Kentucky ended the 2018 fiscal year with $119.1 million more in the General Fund than was predicted by the official revenue estimate. However, that estimate had been revised downward by $138.5 million in October of 2017, meaning actual 2018 receipts came in below the original forecast. Worse, the October revisions resulted in another round of budget cuts for state agencies on top of 18 prior rounds of cuts. Those cuts were particularly difficult because they came in the second half of the fiscal year.
Total General Fund receipts in 2018 were $10.8 billion, which represents a growth rate of 3.4 percent when compared to 2017. 2018 marks the eighth consecutive year that Kentucky has experienced year over year growth in receipts, though it has been tepid and insufficient to meet necessary expenditures.

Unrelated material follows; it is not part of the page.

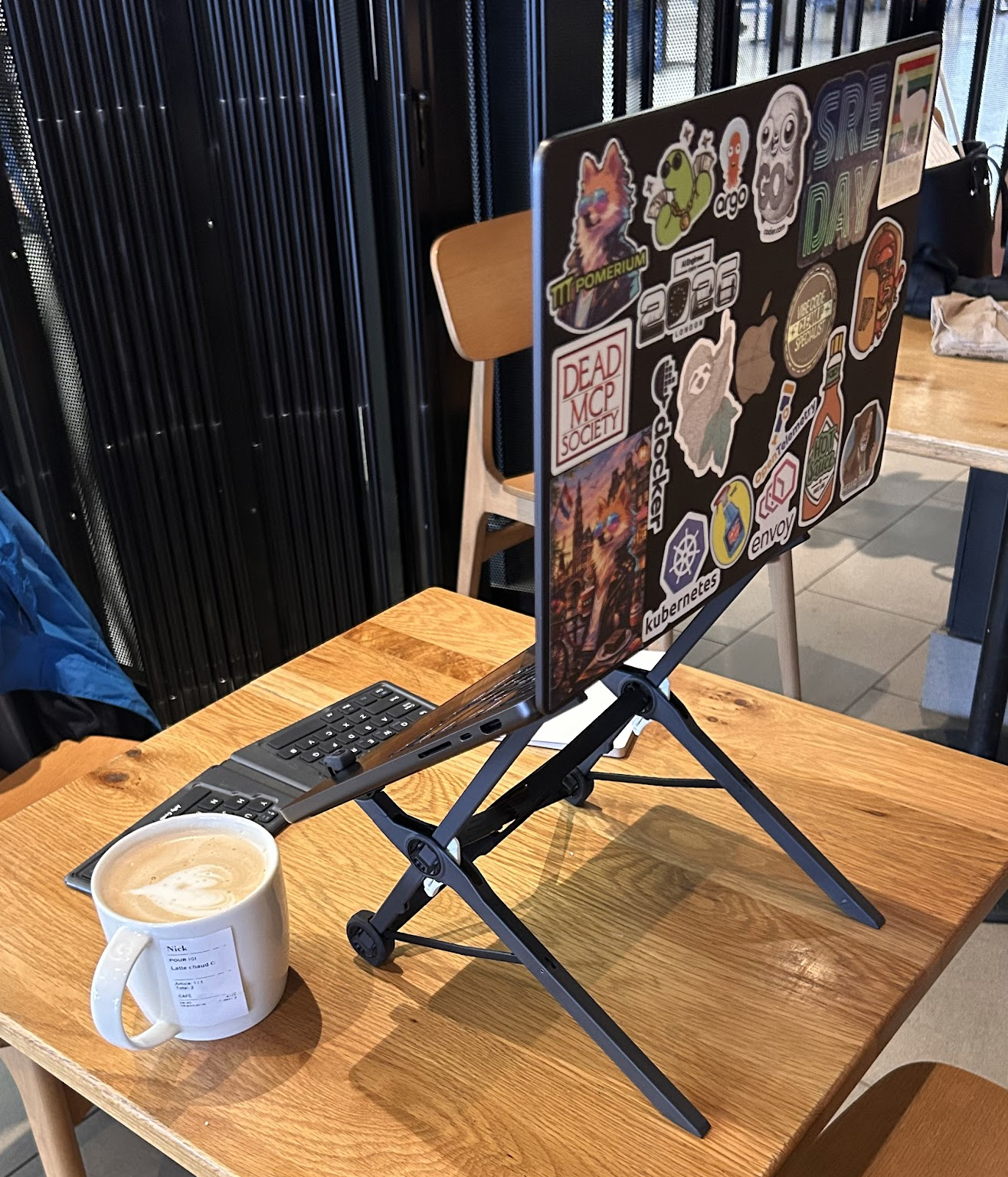 My laptop sitting on my laptop stand in a coffee shop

Looking at individual General Fund revenue sources in 2018, there were no surprises or significant deviations from projections in the receipts for several relatively small taxes. Coal severance and cigarette tax receipts continued to fall as expected, and the notoriously volatile corporate income tax and limited liability entity tax, which are now estimated together, were just shy of the combined estimate for the two taxes. The lottery also contributed $10 million more than last year based on the strength of product sales.
Our two main revenue sources – the individual income tax and the sales tax –contributed $4.6 billion and $3.6 billion respectively to the General Fund in 2018. The income tax comprised 42.4 percent of total revenue and the sales tax, 32.6 percent. In terms of growth, both sources performed better than all other taxes in 2018, increasing by 4.8 percent and 3.5 percent respectively compared to 2017, with the income tax’s stronger growth being part of a long-term trend as shown in the graph below.
In a move that does not bode well for future revenue growth, this past session the General Assembly passed tax changes that shift reliance away from our individual income tax to the sales tax. This tax shift – which asks more of low- and middle-income Kentuckians and is a huge tax break for the very wealthy – was accomplished by using most of the projected revenue from a sales tax base expansion and cigarette tax rate increase to pay for a reduction in the top individual and corporate income tax rates and to provide more tax breaks for corporations. While we know the income tax rate reduction is extremely costly and will grow more so over time, good data does not exist with which to estimate how much will be generated from the sales tax base expansion on services. Despite these uncertainties, the long-term outlook is not positive: the weakened income tax, decreasing revenue from the cigarette tax increase and characteristically slower growth in the sales tax and make more rounds of budget cuts likely going forward.
In the short term, it is difficult to know what to expect from a revenue standpoint. The 2018-2020 budget was balanced by including anticipated revenues from the 2018 tax changes. By statute, the total revenues anticipated by the General Assembly become the official revenue estimate post-session. The new revenue estimates are $11.2 billion for 2019 and $11.5 billion for 2020 – $192.3 million and $197.5 million more respectively than the pre-session CFG estimates – and the total amount has not been allocated among the various revenue sources. These estimates do not incorporate expected additional revenues Kentucky will receive due to a United States Supreme Court decision issued after the session that paves the way for states to begin more broadly collecting sales taxes on on-line purchases.
Later this month, the state will close the books on 2018 and we will then have a better picture of where we stand financially. We may also have more clarity regarding what expected revenues are by tax type, based on amounts included in the enacted budget. In the press release issued with the year-end receipts report, the State Budget Director stated that he will recommend to the Secretary of Finance that any revenues remaining from the surplus after the payment of Necessary Government Expenses (NGEs) from fiscal year 2018 be carried forward in the General Fund Surplus Account. This recommendation runs counter to the language included in the enacted executive branch budget, which requires any excess funds to be applied to the unfunded pension liability of the Kentucky Employees Retirement System nonhazardous pension fund.